En México, la crítica de los obispos al modelo económico seguido por el presidente Zedillo ha sido motivo de constantes roces, fricciones y desencuentros entre el gobierno y la jerarquía católica. La disputa abierta que tuvieron obispos y presidente en Los Pinos, durante la 59 Asamblea ordinaria de la CEM, en octubre de 1995, en la que el presidente Ernesto Zedillo invitó a la jerarquía a no sólo criticar la estrategia económica sino a proponer alternativas. Otro momento delicado fue tanto la forma en que fue organizada la visita del presidente al Vaticano, como el regaño, a juicio de muchos, que abiertamente Juan Pablo II propinó al gobierno por los estragos sociales del modelo económico seguido.
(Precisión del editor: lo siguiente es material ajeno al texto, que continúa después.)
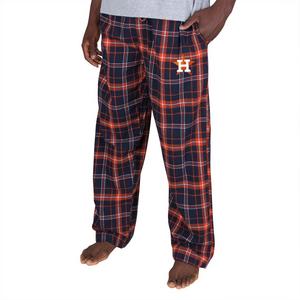 College Concepts Men's Ultimate Houston Astros Flannel Pants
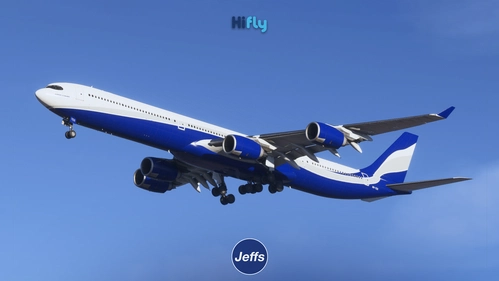 HiFly Malta 9H-TEQ "Fictional"| Aerosoft A340-600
Esta actitud de los representantes católicos se ha reconfirmado en la edición del Proyecto Pastoral de la CEM 1996-2000, en la que los prelados afirman: ``Repetidas veces hemos manifestado nuestra preocupación porque la crisis actual y el modelo económico seguido en el país han provocado el desempleo creciente, el salario insuficiente, el alza de precios, el cierre de empresas, la devaluación de la moneda, lo que ha afectado gravemente al pueblo, sobre todo a los más débiles''. No queremos con esto menospreciar otros puntos de litigio entre la Iglesia y el gobierno mexicano, como la política de planeación familiar, la enseñanza básica, los medios de comunicación, el caso Posadas, por señalar algunos; sin embargo, el disenso sobre lo económico parece lo medular.

En la década de los años 70, la jerarquía católica latinoamericana ganó influencia política, oponiéndose a la ola de gobiernos militares que se encaramaron en el poder en casi todo el continente. La Iglesia católica desplegó acciones puntales en torno a la opción por los pobres, construcción de espacios de libertad y agregación social, defensa de los derechos humanos, etcétera, que le valieron ganar peso moral y centralidad social. Dicha visibilidad se fue desdibujando con el ascenso de la democracia y la multiplicación de espacios de actuación como los partidos, los sindicatos, nuevos movimientos sociales y las ONGs (en su mayor parte de herencia católica). Actualmente, los signos son cada vez más claros, la jerarquía parece resurgir con fuerza, criticando abiertamente las políticas económicas y sociales; por tanto, las Iglesia ha vuelto a servir como caja de resonancia de los clamores críticos de numerosos sectores de la sociedad que demandan y exigen la revisión de la estrategia económica neoliberal así como una nueva política social.